(Stored data)
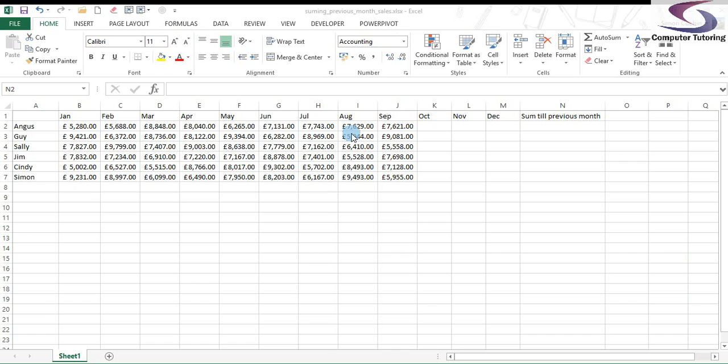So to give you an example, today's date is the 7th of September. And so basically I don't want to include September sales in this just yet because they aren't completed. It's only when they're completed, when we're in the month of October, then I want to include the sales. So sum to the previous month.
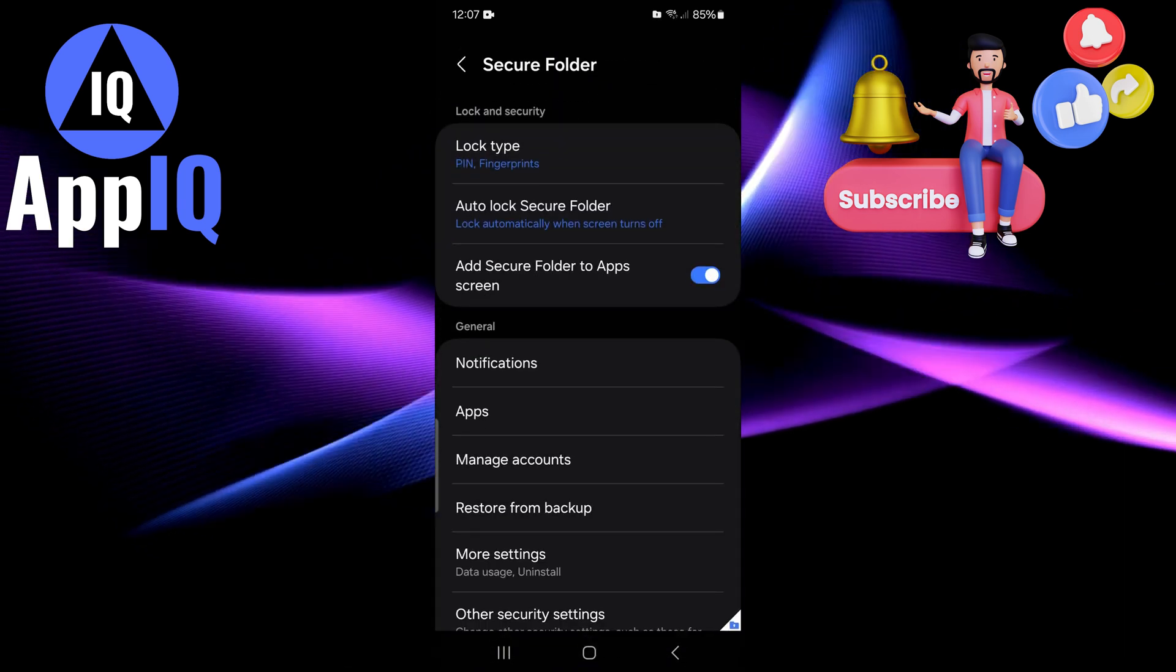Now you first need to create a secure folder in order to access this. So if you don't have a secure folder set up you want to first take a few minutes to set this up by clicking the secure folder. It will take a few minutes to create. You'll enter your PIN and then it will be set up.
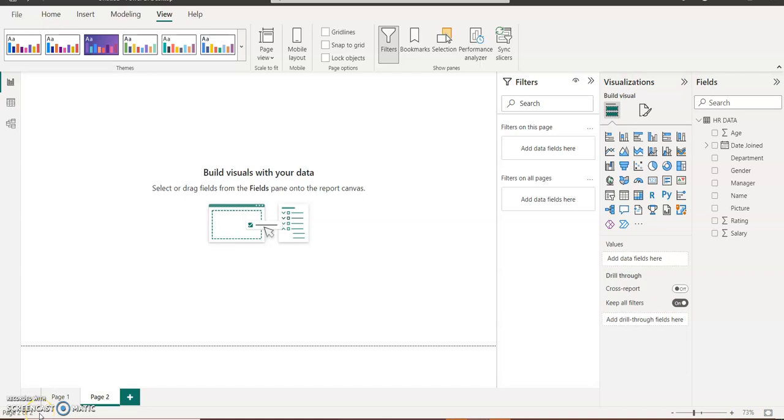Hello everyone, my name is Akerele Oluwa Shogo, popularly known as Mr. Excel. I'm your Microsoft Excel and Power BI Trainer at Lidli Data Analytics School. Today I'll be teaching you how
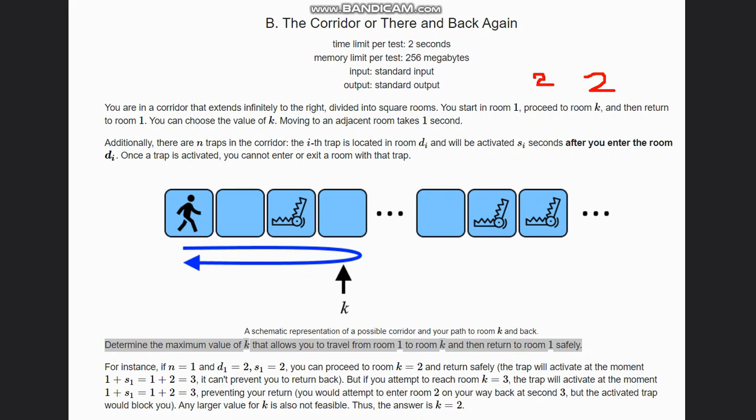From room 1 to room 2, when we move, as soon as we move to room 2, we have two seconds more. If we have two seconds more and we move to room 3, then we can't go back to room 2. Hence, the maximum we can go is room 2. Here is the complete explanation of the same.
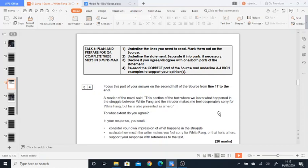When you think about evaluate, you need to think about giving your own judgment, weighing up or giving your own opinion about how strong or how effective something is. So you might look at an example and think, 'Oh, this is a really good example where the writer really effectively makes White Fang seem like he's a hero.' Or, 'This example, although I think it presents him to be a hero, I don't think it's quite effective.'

=== Task to carry out ===
Reproduce all entries above exactly, minus the images.

=== Your response ===
So to give you an example, today's date is the 7th of September. And so basically I don't want to include September sales in this just yet because they aren't completed. It's only when they're completed, when we're in the month of October, then I want to include the sales. So sum to the previous month.
Now you first need to create a secure folder in order to access this. So if you don't have a secure folder set up you want to first take a few minutes to set this up by clicking the secure folder. It will take a few minutes to create. You'll enter your PIN and then it will be set up.
Hello everyone, my name is Akerele Oluwa Shogo, popularly known as Mr. Excel. I'm your Microsoft Excel and Power BI Trainer at Lidli Data Analytics School. Today I'll be teaching you how
From room 1 to room 2, when we move, as soon as we move to room 2, we have two seconds more. If we have two seconds more and we move to room 3, then we can't go back to room 2. Hence, the maximum we can go is room 2. Here is the complete explanation of the same.
When you think about evaluate, you need to think about giving your own judgment, weighing up or giving your own opinion about how strong or how effective something is. So you might look at an example and think, 'Oh, this is a really good example where the writer really effectively makes White Fang seem like he's a hero.' Or, 'This example, although I think it presents him to be a hero, I don't think it's quite effective.'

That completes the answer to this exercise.